この風景に見覚えがあるだろうか? 今はない大きなポプラ。2006年8月21日に危険木として伐採されたのだ。もう見られない(寂)。
今はない この木何の木 ランドマークの木?
札幌コンサートホール前にあった巨大ポプラ。2006年8月10日撮影
「キタラ前の名物ポプラが危険木として伐採されました」
「コンサートには何回も行ったが、ポプラには気づかなかったな」
「皆さんの無関心がこの木を倒したのです!」
「危険木なんだろう。突然倒れたら危ないじゃないか」
「2004年の猛烈な台風18号でもびくともしない。倒れるもんですか」
「ポプラは風に弱い。あの台風でもバタバタ倒れたぞ」
シンボル的な大木がなくなり空だけが虚しく広がる。2012年10月12日
「大きなポプラがなくなって寂しくなりましたね」
「ポプラの下敷きになる心配もない。俺は嬉しいサッパリしたよ」
「景観に関して、大木が果たす役割の大きさを感じます」
「重さも感じるねぇ。危険木があったら怖くて歩けないよ」
「実は、この木の役割は景観だけではないのです」
「そうかい」
百花園のあった1970年代の写真。札幌市文化資料室所蔵
「右上に直立したポプラが見えますね」
「なるほど。あの木の後ろにキタラが建ったんだな」
「あのポプラのお陰で、今はなき百花園の位置を推測できるのです」
「つまり、目印として役立っているのだな」
「そのとおり! ランドマークとしても重要なポプラでした」
百花園の跡地。中島公園ほぼ中央の「香の広場」。2004年4月8日撮影
「藻岩山とキタラ前のポプラを見れば百花園だったことが分かります」
「ビルが邪魔だな。藻岩山が見えなくなってしまうぞ」
「心配ですね。藻岩山の景観があってこその中島公園です」
キタラ前のポプラが伐採された後の「香の広場」。2011年7月11日
「木が生い茂っていても、キタラが見えるから便利じゃないか」
「全ての園路はキタラに通じています。迷うことなどありません」
「寄り道もしたいし、近道もしたいぞ」
「それではポプラの跡地に目印を建てましょう」
「新しいランドマークか。ポプラと同じ高さがいいな」
「ここに中島公園のシンボル的なポプラがあったと書くのです」
中島公園の歴史は札幌の歴史そのものと思う。例えば、このポプラにしても時代とともに周囲は変化してきた。最初は明治・大正時代の岡田花園、次に昭和初期の初代「子供の国」、新設された「子供の国」、そして現在の札幌コンサートホール・キタラ。
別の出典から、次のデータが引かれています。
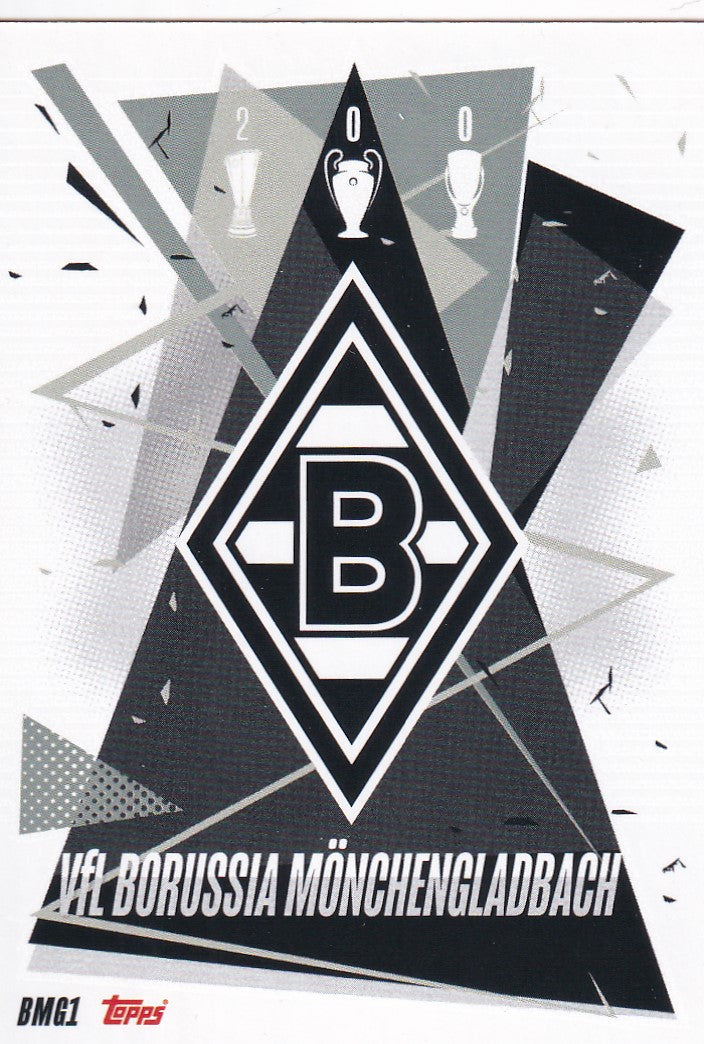 BMG-001. VFL BORUSSIA MONCHENGLADBACH - CLUB BADGE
周囲が変化しても、ポプラは同じ位置に立っていた。そして、2006年8月21日に危険木として伐採された。大きなポプラとともに歴史上のランドマークを失ってしまったのだ。
古い写真を見ても、この木があることにより現在の場所か分かる。しかし、なくしたら目印を失い分からなくなってしまう。代替物が必要と思う。
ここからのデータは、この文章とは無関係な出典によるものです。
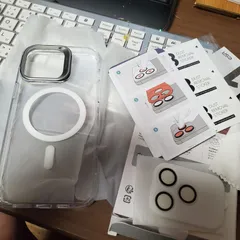 ESR iPhone14promax ケース MagSafe 対応 スタンド付き 角度調整可能 耐衝撃 3WAY置き HaloLock搭載 米軍MIL規格 カメラリング 傷防止背面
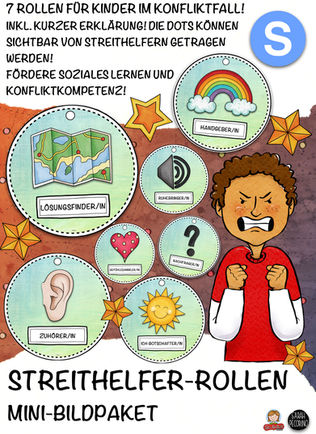 Bildpaket - Streithelfer-Rollen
2006年8月21日 危険木としてキタラ前のポプラ伐採
2006年11月5日、「中島パフェ」掲示板に投稿があった。
「……以前キタラ前広場の南にあった大きなポプラはいつ、どうして伐採されたんでしょうか。大好きな樹だっただけになくなってしまって残念でなりません」
私も残念でならないが、危険木として8月21日に伐採された。木に縛り付けられた「お知らせ」に次のように書いてあった。「この木は倒木の恐れのある危険木であるため、8月21日に伐採いたします」
実に堂々としたポプラだ。しかもランドマークの役目も果たしていた。古い写真を見るとき興味をそそるのは「ここが現在のどこ?」という疑問。それほど、中島公園は変遷を重ねて来ていたのだ。大切な緑とともに、場所特定の決め手となる目印を失ってしまった。
伐採作業は大型クレーンや高所作業車を要する大掛かりなものだった。
枝が切り落とされ最後は根元から切られた。巨大ポプラの見納め。
根元のほうも何となく傷んでいる感じだが、どうなんだろう?
これは大きな空洞! 中を見れば何時倒れるか分からない感じがする。
大きなポプラがある風景は二度と見られない。理屈は分かるが寂しい。